# T-Jet Brush Maintenance



## theking43 (May 1, 2012)

To me, maintenance of the comm and brushes for T-Jets is always an on-going PIA to keep the cars running at their best. It's been the "Achilles Heel" since T-Jets were born. Do any of you use a "cleaner-lube" product to help reduce friction and maintain performance between tear-downs? Just curious.


----------



## beast1624 (Mar 28, 2009)

I used Black Gold Com Drops (available from Wizzard and One Stop Slot Shop) on inline cars in our series last year. One time when cleaning come box stock T-Jets I tried putting a dab on a pad and wiping it on the com then wiping off with a clean pad. Still left a film. Really seemed to add to the response...motor revved up faster. It wore off pretty quick but the next time I cleaned them there did not seem to be as much dirt on the com or the brushes.


----------



## slotking (May 27, 2008)

i normally touch a soldering iron tip to the brushes to remove any moisture/oil

it does help bring the brushes back
if I take the car apart, I rub the brushes in the back of business card to clean them.

as far as lubes, I have tried some, tested on a dyno and got nothing. have not tried the black gold!

on the inline, Mennen skin bracer worked great for me


----------



## theking43 (May 1, 2012)

Skin Bracer. Have not tried that but it I know it smells good. LOL!!


----------



## slotking (May 27, 2008)

I did get a lot of comments on how well my car smelled:lol:


----------



## ajd350 (Sep 18, 2005)

I do a LOT of practice and racing with TJets and use only L.A.B. oil on the bottom arm shaft hole. When used sparingly, I NEVER get any oil residue on the comm and get full life out of the comm brushes. During routine maintenance, an Ink eraser works well for cleaning off the normal residue.

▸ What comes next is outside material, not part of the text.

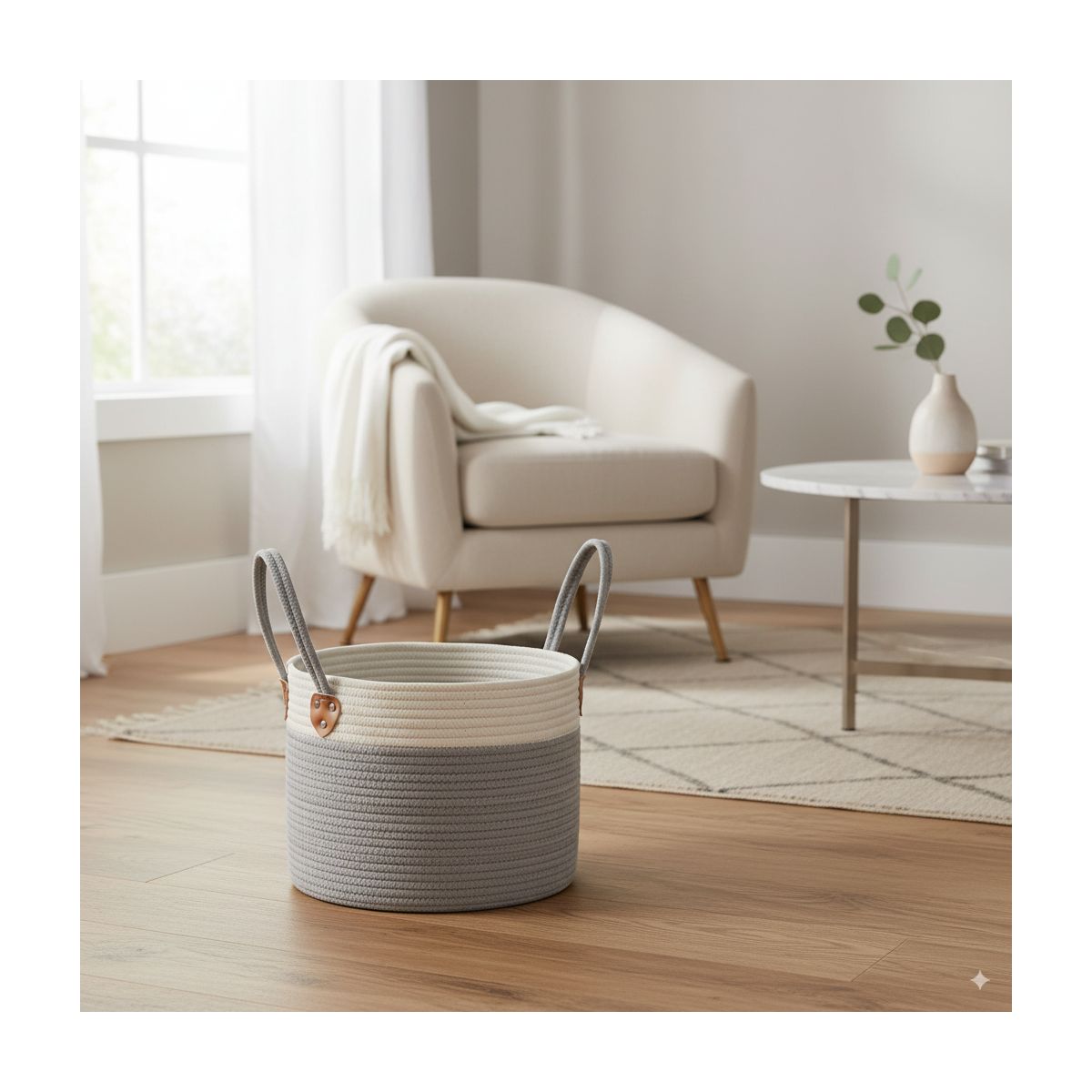 Organizator, cos pentru jucării, lenjerie, alb-gri 30x24
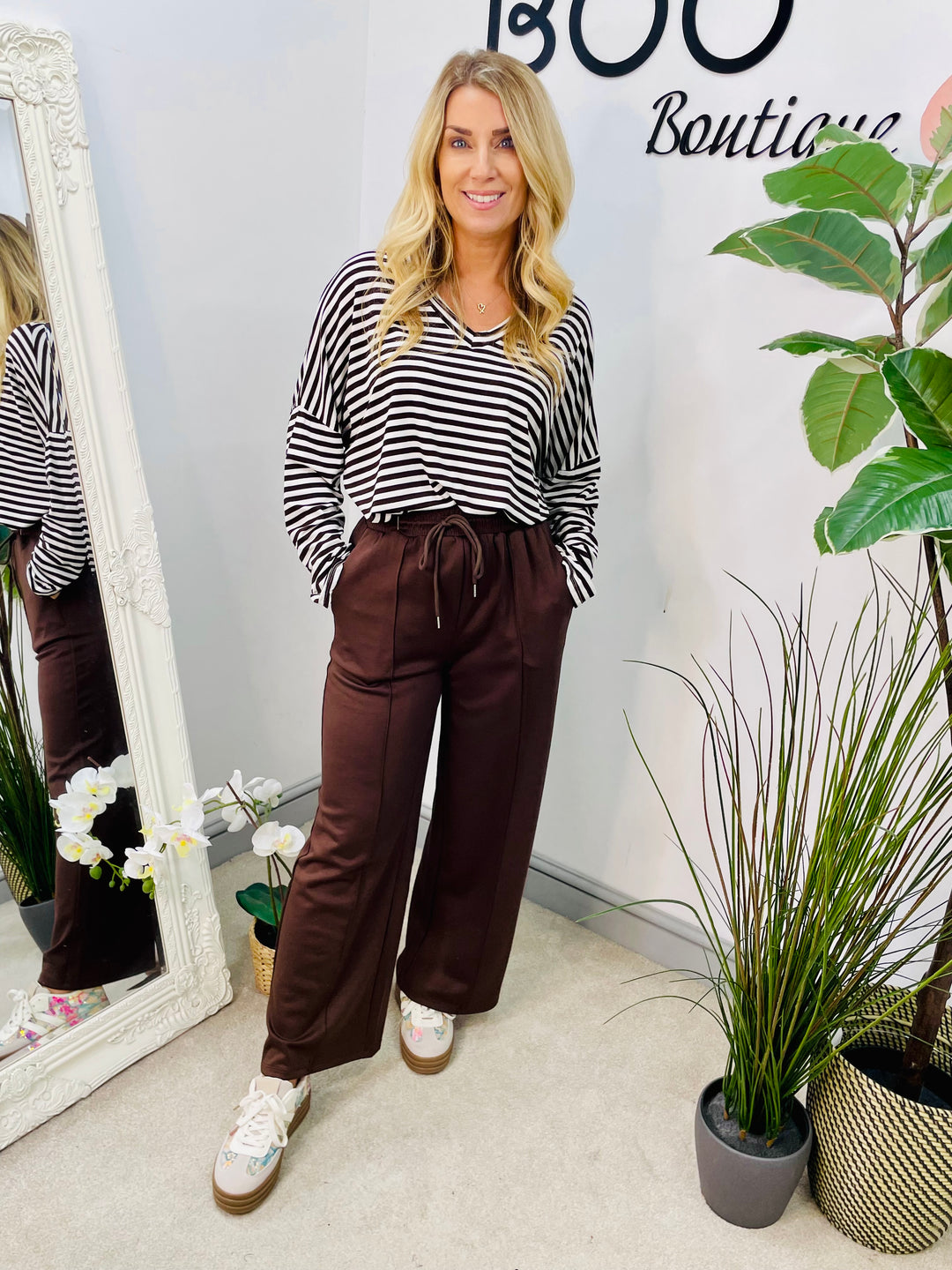 LADIES CASUAL STRIPE LOOSE FIT TOP - KHAKI, NAVY, WINE, BLACK & BROWN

They can be found at art supply stores. 
+1 on Slotking's suggestions, too.


----------



## Dslot (Sep 2, 2007)

*Mennen Skin Bracer*



slotking said:


> ... on the inline, *Mennen skin bracer* worked great for me


Ooooh, what a very strange thought ... 
... Every time the car went by, it'd feel like my dad was standing right behind me. 

It could be a bit unsettling - at any minute, waiting to hear him say, "Are you still doing that?" 

Think I'll just stick with a bit of synthetic oil on the bearings.

-- D


----------



## slotking (May 27, 2008)

my dad died before I got back into slots, but I think he would have like it.


----------